XOD has plenty of built-in types: numbers, booleans, strings, and so on. They are enough to solve most of the tasks. However, there are times when a new type is much desired to express a concept that is not in the system.

That’s when custom types come into play. Let’s learn them by example. Suppose we want to define a new type to store time values. Time, in this case, is a value you think of when watching at a clock: “10:54:23”, for example.

We are going to make nodes for time creation and string formatting. Start by creating a new project.

Marker output-self #

In XOD custom types, as everything, are made out of patches.
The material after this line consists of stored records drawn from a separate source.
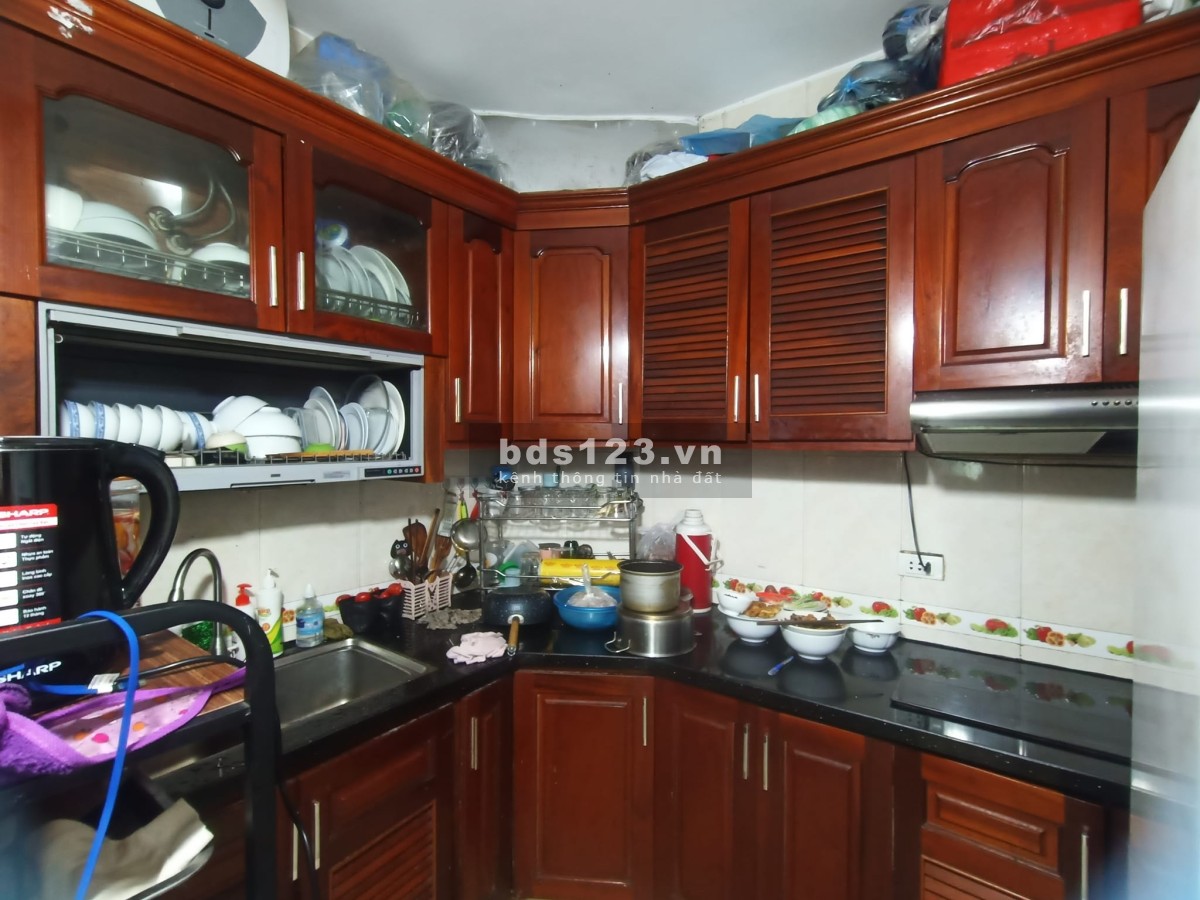 Mặt phố Tô Vĩnh Diện vỉa hè kinh doanh 43m/5 tầng chỉ 12 tỷ.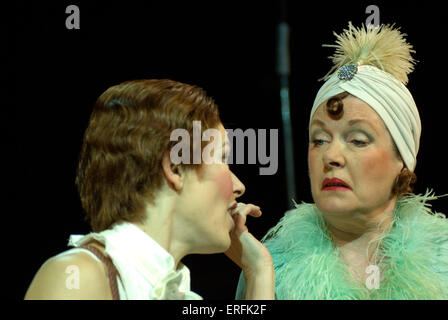 "Heute Abend um 8.30 Uhr" von Noel Coward am Chichester Festival Theatre, Juli 2006. Unter der Regie von Lucy Bailey. 13 Juli - 2. September 2006. Mit Susan Wooldridge und Josefina Gabrielle. Stockfoto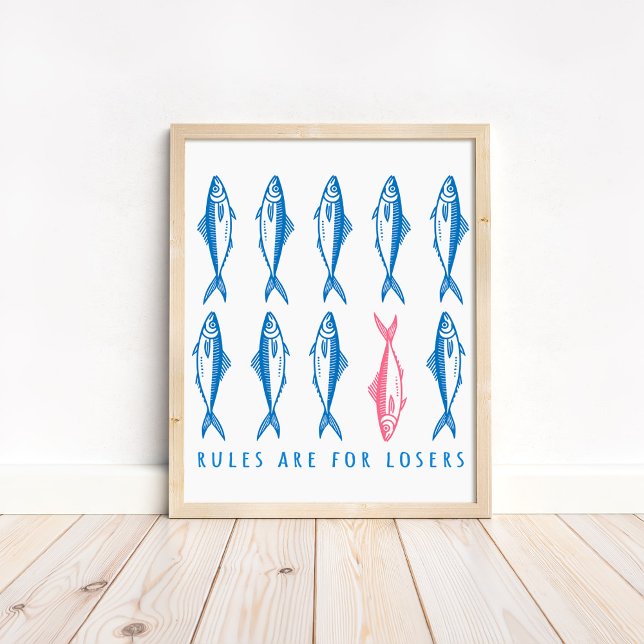"Las reglas son para perdedores" Arte divertido de ("Rules Are For Losers" Funny Boho Coastal Wall Art in a neutral wooden frame on the floor)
In xod/patch-nodes you’ll find an output-self marker node which acts like a regular output terminal, but rather than provide a value of a particular existing type, it defines a new type with the name of that patch. Such patch then is called a constructor of the type.

We’ll define a new type time. To do so, create a new patch time and place an output-self node on it.

Next, we should decide how the new type is represented internally in C++. All constructor patches should be implemented in C++.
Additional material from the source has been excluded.